What to know: when a GAL is proposed, the proposed name's prior pairings with a firm are searchable in the public docket. A party may ask the court for a guardian outside any recurring rotation, and may ask that the appointment order define scope, budget, and a reporting deadline up front — an unscoped GAL appointment leaves cost and reporting open-ended.


The bench

They appear before Hon. Gerard Adelman (47 rulings) far more than any other judge, then Winslow (29), Truglia (20), Ficeto (19), and Grossman (16). Their 59% contested-motion grant rate reflects, in part, familiarity — repeated appearances build knowledge of each judge's preferences, calendar habits, and standing orders. That familiarity gap narrows for any party who learns the assigned judge's standing orders and motion practice.


What to expect — and your procedural options

This is a ~7-motions-per-case attrition firm. Six patterns above each correspond to a procedural rule or tool that exists in Connecticut family practice. The following describes what those tools are and what the patterns are — it is general information, not direction about any case.

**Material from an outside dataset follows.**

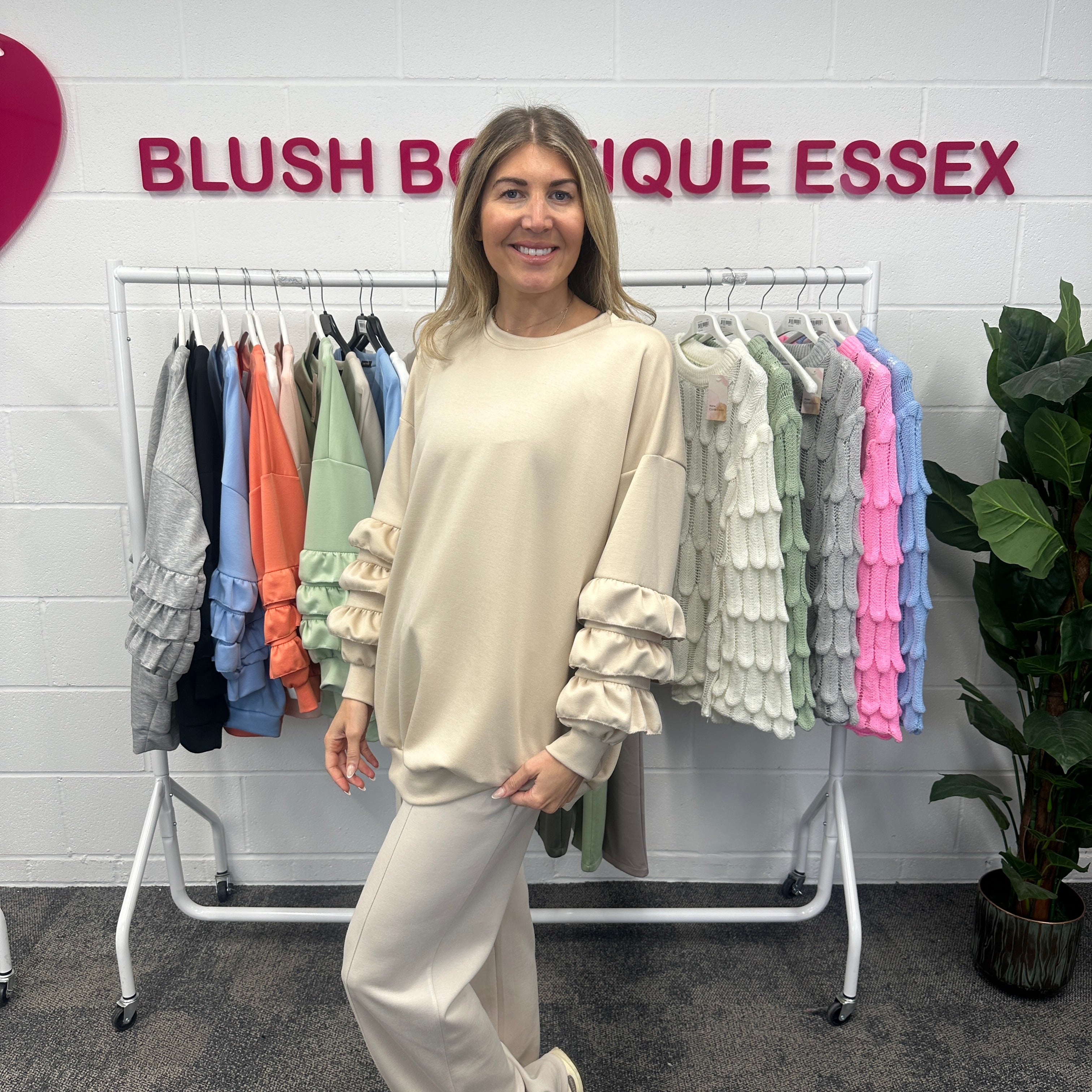 Juni Ruffle Sweatshirt - Blush Boutique Essex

  1. Discovery. At 2.17 discovery motions per case, discovery is the firm's main battlefield (and Motion to Compel is among its top moves). Responding to discovery completely and on time is what removes a non-compliance basis for sanctions or a motion to compel. A documented, timely response record is what establishes which party is the compliant one, which is also relevant to how courts weigh fee arguments.
  1. Contempt motions. With 1.17 contempt motions per case — and post-judgment contempt among the firm's most-used filings — contempt is a recurring feature of its practice. Contemporaneous proof of compliance with each order (payments, exchanges, communications) is the evidentiary record against which a contempt motion is decided. A contempt motion unsupported by the documents tends not to succeed.
  1. Fee requests. At 1.24 fee requests per case, fee-shifting is a recurring tool in the firm's practice. In Connecticut, fee awards turn on need and litigation conduct (C.G.S. §46b-62). A motion-volume and continuance record is itself part of the litigation-conduct picture that fee analysis considers.
  1. Continuances and the clock. The firm averages 1.45 continuances per case (Motion for Continuance is its single most-filed motion), which lengthens timelines. A Motion to Advance is the procedural tool a party may use to ask the court to hear a matter sooner; continuances can be opposed on the record. Each continuance is something the requesting party must justify to the court.
  1. GAL scope. A GAL appears in only 8.5% of their cases, but when one does, the firm tends to pair with the same guardians. The proposed guardian's prior pairings are part of the public record; the appointment order is where a court can be asked to set scope, budget, and a reporting deadline.
  1. The merits. The firm's pattern centers on the process — ~24.5 filings per case, and more (29.56) when an opponent is self-represented. A short, focused, merits-oriented record is the contrast to a high-volume one. The substantive questions in a family case (custody, support, division) are decided on their merits regardless of filing count.

Methodology & limits

Computed from public CT Judicial Branch docket entries and party rosters (parties → filing-side attribution → motion/outcome tally). "Grant rate" = Granted ÷ (Granted + Denied) on the firm's own filed motions where the docket records an outcome; many entries record no outcome and are excluded. Marker counts use keyword matching on docket event descriptions and may include related sub-types. Firm-name aggregation follows the docket's recorded firm name (the source truncates long names). Patterns reflect aggregate history, not the conduct of any one attorney or the merits of any one case.